Repeat verbatim, and only, the lines of the data below, beginning at the line that contains "CHEVROLET EXPRESS 2024 Biały" and stopping after the line that contains "Hyundai SONATA Gls Image 13".

## SUPPLIED RECORDS

========================

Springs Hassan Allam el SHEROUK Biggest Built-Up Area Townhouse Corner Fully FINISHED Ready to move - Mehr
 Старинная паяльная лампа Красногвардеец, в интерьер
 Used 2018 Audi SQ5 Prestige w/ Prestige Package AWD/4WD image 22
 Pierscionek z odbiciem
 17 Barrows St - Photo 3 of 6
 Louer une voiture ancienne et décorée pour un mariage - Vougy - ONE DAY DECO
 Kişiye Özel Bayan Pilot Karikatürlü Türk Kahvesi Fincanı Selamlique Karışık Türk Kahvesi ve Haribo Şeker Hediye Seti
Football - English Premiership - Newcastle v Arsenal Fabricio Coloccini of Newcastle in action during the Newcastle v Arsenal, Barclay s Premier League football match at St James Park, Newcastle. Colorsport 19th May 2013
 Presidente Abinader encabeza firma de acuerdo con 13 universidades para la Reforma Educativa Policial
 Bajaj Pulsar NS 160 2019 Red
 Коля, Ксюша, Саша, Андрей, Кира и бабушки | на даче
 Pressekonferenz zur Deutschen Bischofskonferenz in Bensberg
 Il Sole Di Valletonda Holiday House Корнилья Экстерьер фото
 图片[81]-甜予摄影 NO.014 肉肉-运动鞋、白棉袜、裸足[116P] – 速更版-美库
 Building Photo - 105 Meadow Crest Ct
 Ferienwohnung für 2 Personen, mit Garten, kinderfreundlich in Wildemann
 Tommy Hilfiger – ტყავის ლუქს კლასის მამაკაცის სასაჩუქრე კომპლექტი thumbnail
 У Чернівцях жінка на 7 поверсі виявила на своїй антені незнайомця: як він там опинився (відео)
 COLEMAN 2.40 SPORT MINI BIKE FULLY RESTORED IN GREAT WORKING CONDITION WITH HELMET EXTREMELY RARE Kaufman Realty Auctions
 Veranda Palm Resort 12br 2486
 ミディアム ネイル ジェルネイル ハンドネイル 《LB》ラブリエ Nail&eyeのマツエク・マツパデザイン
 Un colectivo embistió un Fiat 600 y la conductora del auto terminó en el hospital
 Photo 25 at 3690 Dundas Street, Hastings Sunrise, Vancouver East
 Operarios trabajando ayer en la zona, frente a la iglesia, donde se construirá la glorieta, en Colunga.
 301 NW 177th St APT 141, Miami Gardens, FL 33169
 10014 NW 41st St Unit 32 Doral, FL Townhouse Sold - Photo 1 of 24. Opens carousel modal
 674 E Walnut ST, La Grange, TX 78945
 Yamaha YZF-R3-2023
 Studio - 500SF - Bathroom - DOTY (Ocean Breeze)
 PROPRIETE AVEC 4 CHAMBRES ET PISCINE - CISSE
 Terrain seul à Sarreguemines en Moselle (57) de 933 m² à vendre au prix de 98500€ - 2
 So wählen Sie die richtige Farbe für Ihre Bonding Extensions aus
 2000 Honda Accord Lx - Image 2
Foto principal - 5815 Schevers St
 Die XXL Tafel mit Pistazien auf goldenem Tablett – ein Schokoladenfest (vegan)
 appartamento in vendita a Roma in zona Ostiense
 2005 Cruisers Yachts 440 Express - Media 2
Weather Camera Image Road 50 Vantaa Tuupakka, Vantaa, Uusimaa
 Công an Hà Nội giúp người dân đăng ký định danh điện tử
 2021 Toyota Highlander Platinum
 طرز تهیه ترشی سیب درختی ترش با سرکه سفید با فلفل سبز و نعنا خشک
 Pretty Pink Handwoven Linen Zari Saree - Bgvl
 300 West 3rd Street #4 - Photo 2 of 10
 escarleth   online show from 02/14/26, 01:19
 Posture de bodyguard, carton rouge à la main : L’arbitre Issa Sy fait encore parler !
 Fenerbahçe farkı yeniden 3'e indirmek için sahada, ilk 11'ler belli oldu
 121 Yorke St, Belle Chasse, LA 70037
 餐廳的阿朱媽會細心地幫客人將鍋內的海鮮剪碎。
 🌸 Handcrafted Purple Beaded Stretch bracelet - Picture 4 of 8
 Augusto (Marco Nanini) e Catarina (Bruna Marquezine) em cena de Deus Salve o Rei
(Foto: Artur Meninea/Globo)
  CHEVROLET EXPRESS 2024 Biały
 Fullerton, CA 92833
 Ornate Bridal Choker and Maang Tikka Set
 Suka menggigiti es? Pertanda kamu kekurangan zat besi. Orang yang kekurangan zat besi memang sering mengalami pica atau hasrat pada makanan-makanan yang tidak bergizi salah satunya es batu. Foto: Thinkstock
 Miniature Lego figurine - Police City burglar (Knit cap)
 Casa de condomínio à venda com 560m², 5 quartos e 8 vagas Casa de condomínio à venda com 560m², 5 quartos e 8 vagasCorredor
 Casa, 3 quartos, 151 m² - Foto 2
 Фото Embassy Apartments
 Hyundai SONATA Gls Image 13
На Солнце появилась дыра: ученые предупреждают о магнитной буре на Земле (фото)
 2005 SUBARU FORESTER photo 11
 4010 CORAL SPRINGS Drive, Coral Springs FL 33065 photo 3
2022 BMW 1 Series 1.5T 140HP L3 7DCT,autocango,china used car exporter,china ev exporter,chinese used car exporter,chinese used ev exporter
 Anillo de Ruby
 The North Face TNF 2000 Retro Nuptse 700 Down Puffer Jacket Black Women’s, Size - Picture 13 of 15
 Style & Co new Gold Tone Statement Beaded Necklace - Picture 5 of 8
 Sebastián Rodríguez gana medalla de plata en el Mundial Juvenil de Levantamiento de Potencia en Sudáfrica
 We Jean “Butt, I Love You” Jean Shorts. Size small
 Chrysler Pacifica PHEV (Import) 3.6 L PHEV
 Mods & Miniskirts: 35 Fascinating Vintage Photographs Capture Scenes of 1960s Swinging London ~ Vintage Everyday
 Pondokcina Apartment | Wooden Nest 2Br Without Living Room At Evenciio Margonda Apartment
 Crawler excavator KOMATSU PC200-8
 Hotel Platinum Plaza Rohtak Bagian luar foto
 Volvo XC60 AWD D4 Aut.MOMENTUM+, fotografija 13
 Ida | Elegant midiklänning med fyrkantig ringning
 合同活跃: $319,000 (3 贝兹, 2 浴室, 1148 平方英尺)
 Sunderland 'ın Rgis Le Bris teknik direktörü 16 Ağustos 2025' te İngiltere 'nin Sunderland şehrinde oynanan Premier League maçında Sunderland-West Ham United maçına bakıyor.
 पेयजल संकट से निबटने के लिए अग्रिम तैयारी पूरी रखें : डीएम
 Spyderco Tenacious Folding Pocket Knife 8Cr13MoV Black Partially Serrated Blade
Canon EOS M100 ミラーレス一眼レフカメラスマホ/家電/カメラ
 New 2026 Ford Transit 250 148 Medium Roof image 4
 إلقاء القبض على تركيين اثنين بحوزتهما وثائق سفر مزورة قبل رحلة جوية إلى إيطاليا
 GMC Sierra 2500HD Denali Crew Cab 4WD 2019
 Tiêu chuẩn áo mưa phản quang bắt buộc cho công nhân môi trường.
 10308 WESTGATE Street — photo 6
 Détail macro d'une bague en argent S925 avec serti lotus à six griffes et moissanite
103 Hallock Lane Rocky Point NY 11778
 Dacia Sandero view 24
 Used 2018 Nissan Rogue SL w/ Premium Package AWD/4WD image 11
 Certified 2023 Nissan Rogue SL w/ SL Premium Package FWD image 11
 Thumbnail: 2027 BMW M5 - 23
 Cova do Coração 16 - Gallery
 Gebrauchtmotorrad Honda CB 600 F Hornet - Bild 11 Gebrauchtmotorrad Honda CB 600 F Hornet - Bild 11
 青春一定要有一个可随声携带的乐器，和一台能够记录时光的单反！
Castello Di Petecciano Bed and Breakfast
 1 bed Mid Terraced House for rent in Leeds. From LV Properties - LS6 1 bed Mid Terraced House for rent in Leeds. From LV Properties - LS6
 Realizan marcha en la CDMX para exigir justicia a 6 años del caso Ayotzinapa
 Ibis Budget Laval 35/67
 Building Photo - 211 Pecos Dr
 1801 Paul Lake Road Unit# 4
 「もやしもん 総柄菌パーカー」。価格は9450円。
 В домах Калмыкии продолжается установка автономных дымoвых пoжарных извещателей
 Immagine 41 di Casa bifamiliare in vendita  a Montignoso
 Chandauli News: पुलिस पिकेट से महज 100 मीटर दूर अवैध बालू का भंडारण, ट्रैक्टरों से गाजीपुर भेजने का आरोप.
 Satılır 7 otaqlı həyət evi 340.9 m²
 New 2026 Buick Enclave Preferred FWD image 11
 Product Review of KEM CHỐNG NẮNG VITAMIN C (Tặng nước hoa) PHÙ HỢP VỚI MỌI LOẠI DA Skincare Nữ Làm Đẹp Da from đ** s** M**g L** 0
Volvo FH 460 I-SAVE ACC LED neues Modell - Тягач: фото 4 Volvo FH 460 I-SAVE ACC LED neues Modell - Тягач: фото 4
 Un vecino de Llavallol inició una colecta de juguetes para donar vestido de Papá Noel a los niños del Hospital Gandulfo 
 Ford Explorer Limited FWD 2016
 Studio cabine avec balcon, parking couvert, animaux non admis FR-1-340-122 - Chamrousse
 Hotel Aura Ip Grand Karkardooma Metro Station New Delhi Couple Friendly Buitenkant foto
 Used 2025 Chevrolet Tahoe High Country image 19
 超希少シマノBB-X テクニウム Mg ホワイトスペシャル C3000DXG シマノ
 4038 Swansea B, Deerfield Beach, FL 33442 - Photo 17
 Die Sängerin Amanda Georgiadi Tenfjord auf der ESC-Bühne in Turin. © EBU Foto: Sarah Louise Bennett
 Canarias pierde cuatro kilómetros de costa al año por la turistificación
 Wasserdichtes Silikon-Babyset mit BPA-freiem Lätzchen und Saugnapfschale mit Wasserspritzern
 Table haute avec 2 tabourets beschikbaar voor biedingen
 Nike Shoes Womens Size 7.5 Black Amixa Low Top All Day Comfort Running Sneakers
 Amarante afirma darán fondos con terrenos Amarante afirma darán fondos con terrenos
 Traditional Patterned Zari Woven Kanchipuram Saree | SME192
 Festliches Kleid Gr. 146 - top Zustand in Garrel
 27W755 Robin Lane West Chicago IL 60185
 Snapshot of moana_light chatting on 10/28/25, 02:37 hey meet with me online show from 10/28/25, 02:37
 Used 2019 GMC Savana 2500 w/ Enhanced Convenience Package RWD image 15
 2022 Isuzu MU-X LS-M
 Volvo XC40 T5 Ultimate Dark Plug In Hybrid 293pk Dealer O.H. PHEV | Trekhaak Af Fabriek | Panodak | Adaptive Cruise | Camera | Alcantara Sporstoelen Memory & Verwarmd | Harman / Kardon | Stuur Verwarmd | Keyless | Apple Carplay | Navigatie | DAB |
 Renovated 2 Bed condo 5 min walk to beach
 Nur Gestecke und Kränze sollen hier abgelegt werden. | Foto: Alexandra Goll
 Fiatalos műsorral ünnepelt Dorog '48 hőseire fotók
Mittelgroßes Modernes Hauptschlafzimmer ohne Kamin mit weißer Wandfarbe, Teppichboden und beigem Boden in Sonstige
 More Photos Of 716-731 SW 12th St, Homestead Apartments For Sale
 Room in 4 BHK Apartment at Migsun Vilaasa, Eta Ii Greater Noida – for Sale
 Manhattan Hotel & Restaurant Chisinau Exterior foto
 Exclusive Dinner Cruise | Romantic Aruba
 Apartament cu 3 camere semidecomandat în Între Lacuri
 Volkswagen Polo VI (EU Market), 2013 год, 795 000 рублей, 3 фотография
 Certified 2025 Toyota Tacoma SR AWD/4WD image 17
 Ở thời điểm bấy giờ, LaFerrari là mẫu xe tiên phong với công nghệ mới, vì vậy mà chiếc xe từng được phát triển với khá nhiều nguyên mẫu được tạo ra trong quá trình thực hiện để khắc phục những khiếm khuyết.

========================

## RESULT OF THE EXERCISE
  CHEVROLET EXPRESS 2024 Biały
 Fullerton, CA 92833
 Ornate Bridal Choker and Maang Tikka Set
 Suka menggigiti es? Pertanda kamu kekurangan zat besi. Orang yang kekurangan zat besi memang sering mengalami pica atau hasrat pada makanan-makanan yang tidak bergizi salah satunya es batu. Foto: Thinkstock
 Miniature Lego figurine - Police City burglar (Knit cap)
 Casa de condomínio à venda com 560m², 5 quartos e 8 vagas Casa de condomínio à venda com 560m², 5 quartos e 8 vagasCorredor
 Casa, 3 quartos, 151 m² - Foto 2
 Фото Embassy Apartments
 Hyundai SONATA Gls Image 13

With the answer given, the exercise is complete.